According to them, Indira Gandhi was a builder of "modern India" after India suffered defeat in the war with China in 1962. She was a builder of cultural institutions and she had a visionary mind.



In retrospect, while looking back at Indira Gandhi over the years and especially in the context of the emergency, she displayed a firmness and fortitude that earned her many admirers, notably after she lost her second son, Sanjay Gandhi, in an air crash.



One of her supporters was Rajmohan Gandhi — a grandson of Mahatma Gandhi but not related to Indira Gandhi — a prominent author who once wrote that Indira Gandhi was not afraid to gamble and could stand unmoved in front of a hostile crowd.



"I think she was unmatched in holding the country together.
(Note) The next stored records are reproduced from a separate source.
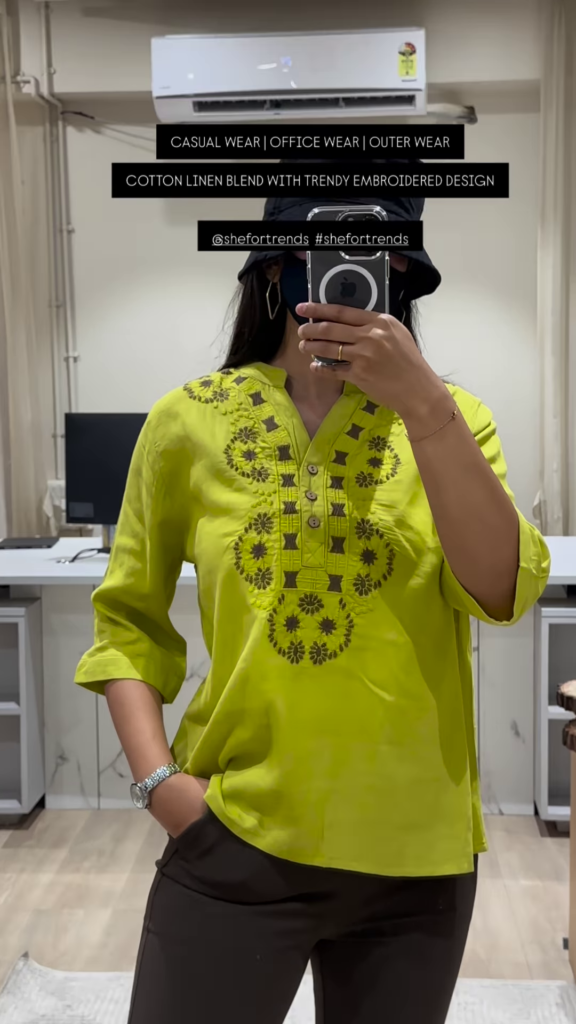 Trendy Embroidered Cotton Linen Blend Top for Casual, Office, and Outer Wear - Photo 2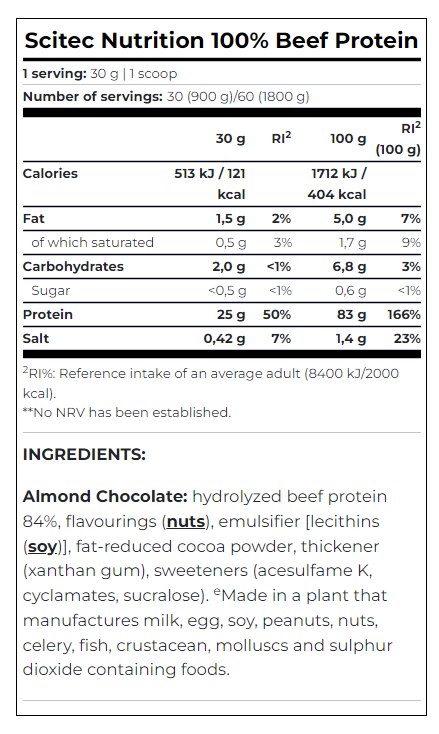 100% de proteína de carne de res 0,900 kg
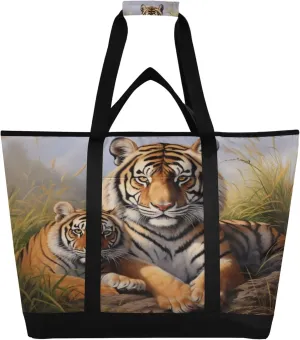 Tiger Reusable Insulated Cooler Bag with Ice Pack Compartment - Large 47L Waterproof Thermal Grocery Tote for Picnic Beach Camping Lunch Storage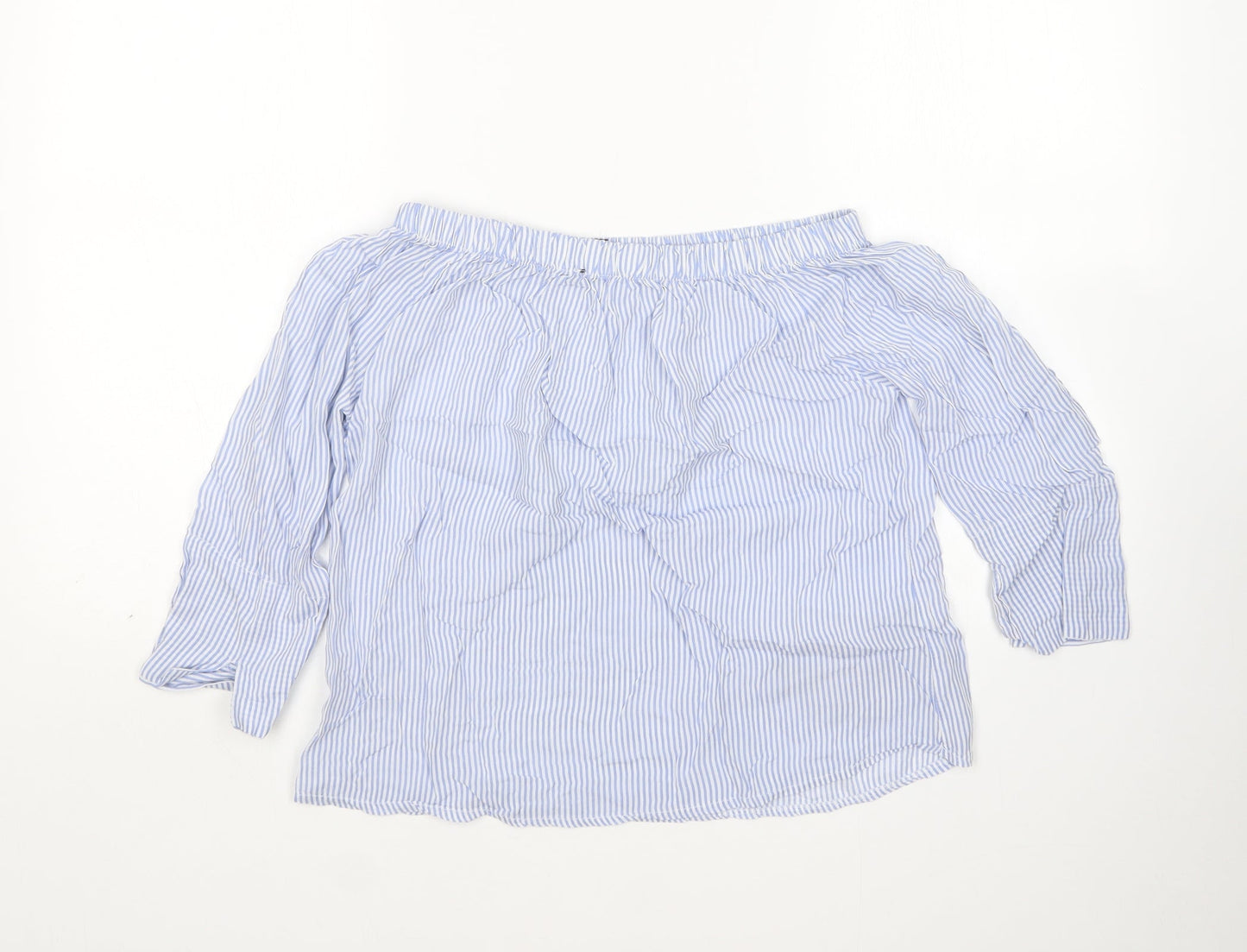 Boohoo Womens Multicoloured Striped Viscose Basic Blouse Size 8 Boat Neck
But BJP leaders also sometimes forget that Indira Gandhi was defeated in the elections following the emergency," said Congress spokesman Randeep Surjewala, suggesting the public could not accept her authoritarian rule despite her earlier popularity.



In fact, with regard Muslims – she was so much concerned about public appreciation that she pushed for Urdu promotion among Muslims in Kerala and West Bengal – the two states where Muslims prefer to use their respective mother tongues.

May not be religious, but she was extremely superstitious. However, by 1970s and 1980s, she developed a good working rapport with communists even as she was said to have been instrumental in dismissal of Marxist regime headed by veteran communist E. M. S. Namboodiripad in 1960s.